Below this line are records; write out exactly the lines from the one containing "SoFetch SoFetch Blauw" through the one containing "2024 Nissan Versa", with the pictures left out.

Segment Start: SOURCE DATA

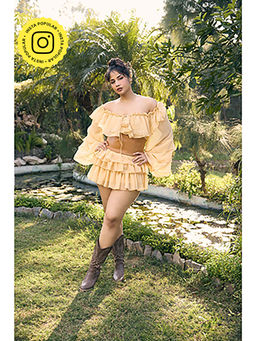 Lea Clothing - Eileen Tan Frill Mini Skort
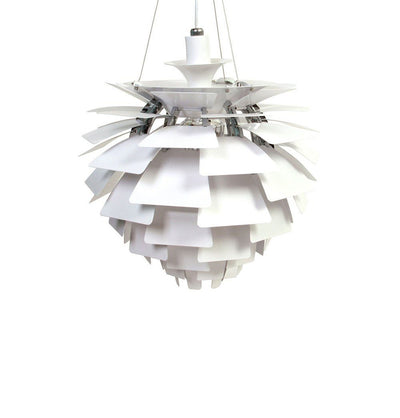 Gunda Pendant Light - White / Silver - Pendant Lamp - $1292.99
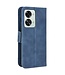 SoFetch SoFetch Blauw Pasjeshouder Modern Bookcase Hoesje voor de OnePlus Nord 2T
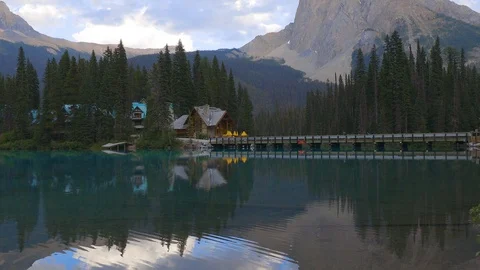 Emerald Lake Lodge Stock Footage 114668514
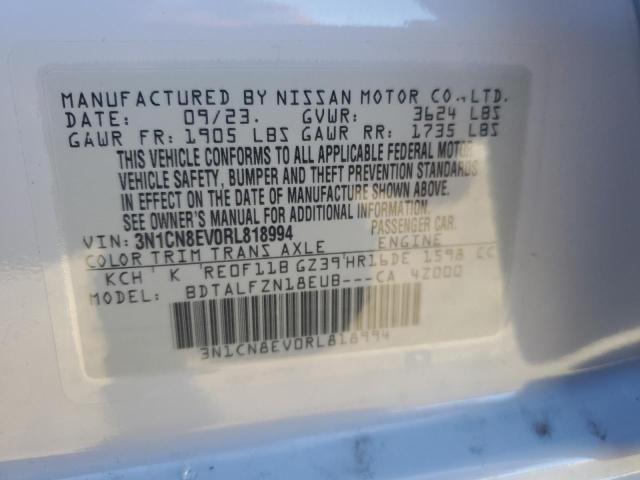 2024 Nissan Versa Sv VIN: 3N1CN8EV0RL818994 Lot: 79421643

Segment End: SOURCE DATA
Segment Start: SOURCE DATA

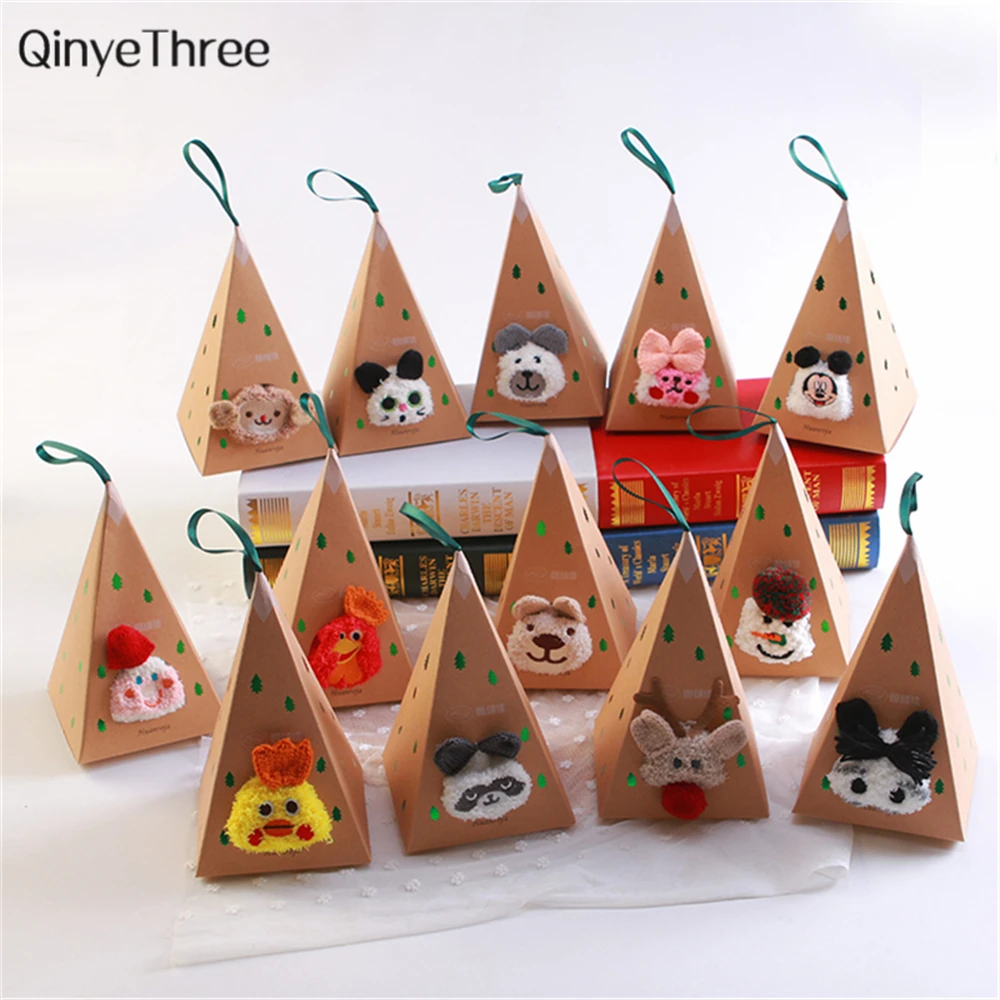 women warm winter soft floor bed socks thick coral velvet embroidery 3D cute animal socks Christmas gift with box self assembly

Segment End: SOURCE DATA

EXERCISE RESULT:
 SoFetch SoFetch Blauw Pasjeshouder Modern Bookcase Hoesje voor de OnePlus Nord 2T
 Emerald Lake Lodge Stock Footage 114668514
 2024 Nissan Versa Sv VIN: 3N1CN8EV0RL818994 Lot: 79421643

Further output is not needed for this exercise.